The church that doubles as a kitchen selling award-winning puddings was unable to produce its usual 10,000 kilograms of puddings this year.
Instead they have been selling last year’s puddings, jams and pickles, sauces and new pudding chocolates in a bid to maintain its annual fundraising efforts.
Church office administrator Dianne Richter says the products will still live up to the group’s reputation.
“The puddings are made to the traditional recipe, they are all home-made, and they are still very moist,” she said.
“This year, if anything, the flavor is better because it has had a chance to mature.”
Despite 2020’s many changes, Ms Richter says the secret to the success of Adamstown Pudding Kitchen is still the same.
“It’s what people have grown up with,” she said.
“It’s about community.
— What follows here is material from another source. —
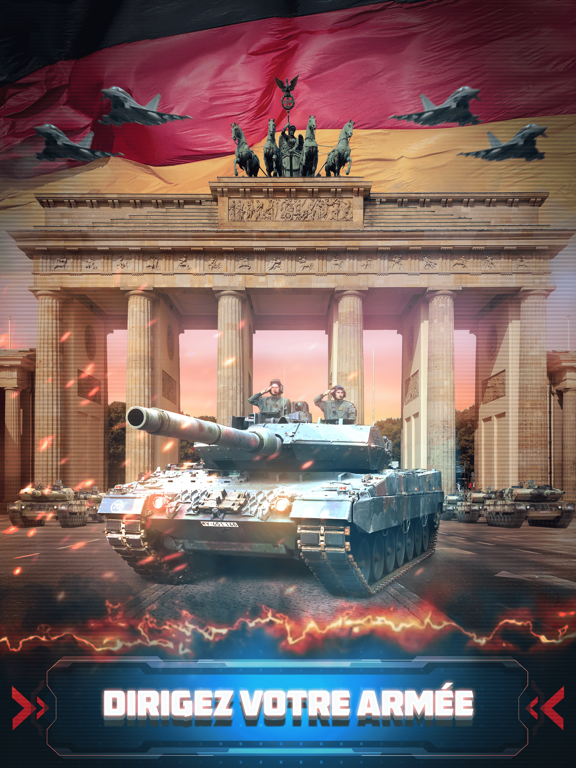 Screenshot #5 pour Supremacy: World War 3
It’s everyone working together [and] volunteering their time to produce home-made puddings that are made with a lot of love.
“What you can taste in the puddings is the love that’s gone into them.”
Ms Richter, who has been working at the church for nine years, says the group’s origins lie in an act of gratefulness.
“It began in 1971 when one of the church parishioners, Dawn Hodges, was so happy that her brother had returned safely from the Vietnam War that she baked some puddings for the church to sell to raise some much-needed funds,” she said.
After 49 years, proceeds from the sale of the puddings now support both local and international ventures.
“We’ve supported a range of projects,” Ms Richter said.
“From a church arts program supporting upcoming local musicians, to a safe space for Indigenous teens in regional areas to clean water projects overseas.”
Adamstown Pudding Kitchen is open from 10am to 2pm, Monday to Saturday until sold out.
Although traditionally the sale of puddings lasted until Christmas Eve, Ms Richter warns this year it could be much sooner.